Learning NanoGPT: Run First Then Study | Generated by AI
Question: Is a good approach to learning NanoGPT training to start running it on a home server with an RTX 4070 (or similar GPU), and then study the details by reading papers?
Answer:
Yes — this is actually one of the best ways to learn. Here’s why it works, and how to structure it.
The “Run First, Read Later” Learning Loop
The excerpt you shared reflects expert intuition that only comes from having trained models before. The goal is to build that intuition yourself.
Why Starting with Hardware Makes Sense
- You get grounded feedback immediately — loss curves, GPU utilization, OOM errors, training time estimates are all real and tangible
- Papers become meaningful — when you read “cosine LR decay,” you’ve already seen what happens at the end of a run; the paper is now explaining something you observed, not something abstract
- Debugging builds intuition faster than reading — figuring out why your val loss is noisy teaches more than a paragraph about regularization
Practical Learning Path
Phase 1 — Just Run It (Week 1)
# Clone and run the Shakespeare char-level demo first
git clone https://github.com/karpathy/nanoGPT
python data/shakespeare_char/prepare.py
python train.py config/train_shakespeare_char.py
- Watch the loss curve drop in real time
- Note when it flattens
- Try intentionally breaking things (huge LR, tiny batch) to see what happens
Phase 2 — Scale to Your Hardware (Week 2)

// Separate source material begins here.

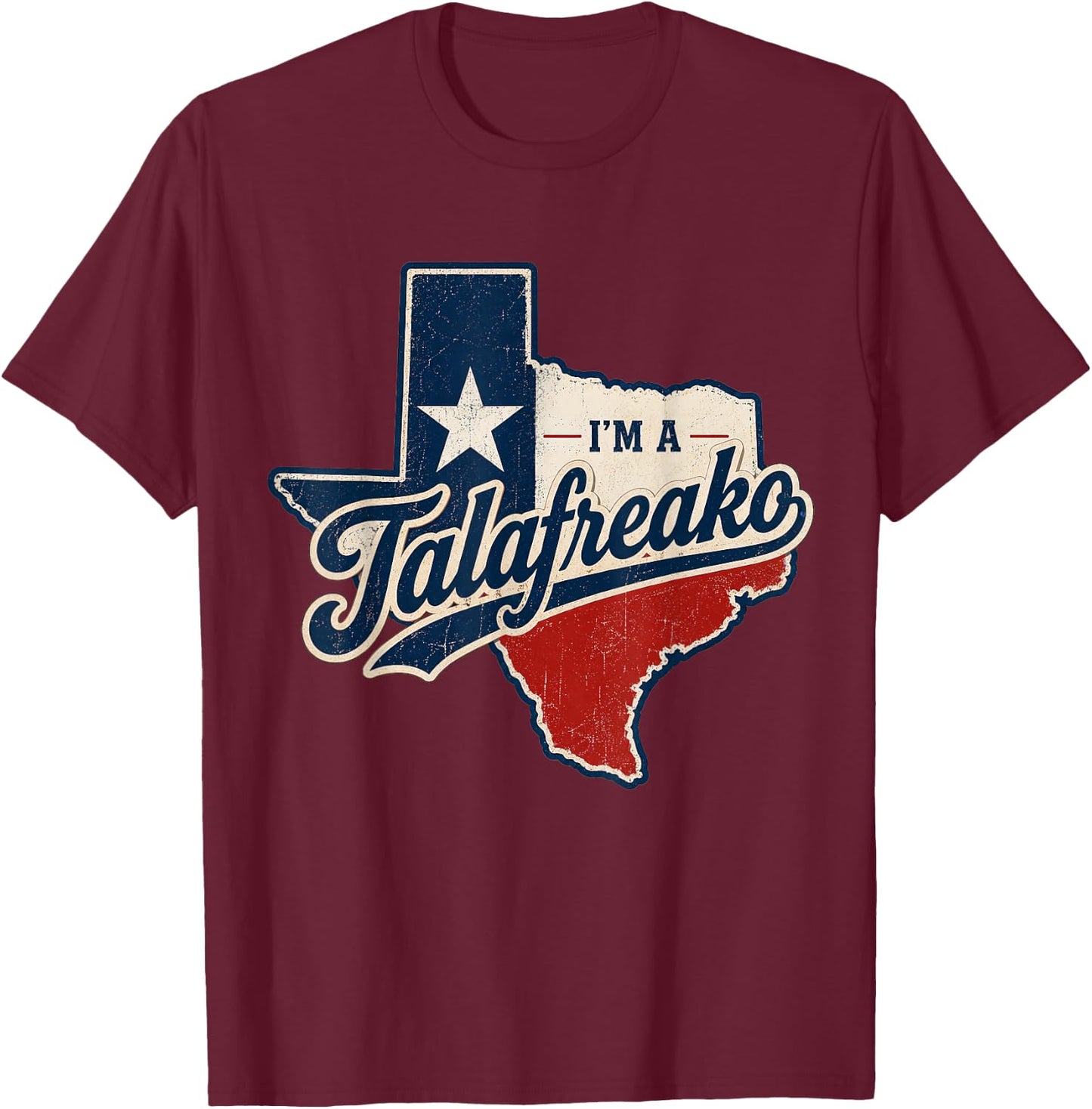 I'm A Talafreako James Talarico 2026 for US Senate Texas T-Shirt - T-Shirt | Maroon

On an RTX 4070 (12GB VRAM), reasonable configs:
| Model Size | Batch Size | Context | Approx Time |
|---|---|---|---|
| 124M (GPT-2 small) | 12–16 | 1024 | ~20–40h on full data |
| 50M custom | 32 | 512 | ~8–12h |
| Shakespeare char | 64 | 256 | ~15 min |
Start small, validate your setup, then scale.
Phase 3 — Read the Papers (Parallel, not after)
Read while a run is in progress. Good order:
- Attention Is All You Need (2017) — the Transformer architecture you’re training
- GPT-2 paper (Radford et al., 2019) — exactly the model nanoGPT implements
- Chinchilla (Hoffmann et al., 2022) — teaches you why the token/parameter ratio in your run matters
- The Karpathy “Let’s build GPT” video — bridges code ↔ paper perfectly
Phase 4 — Interpret Your Runs
Now re-read your own training logs with paper knowledge:
- Why did loss flatten at step 12k?
- Was your run compute-optimal (Chinchilla ratio)?
- What would a 350M run realistically cost you?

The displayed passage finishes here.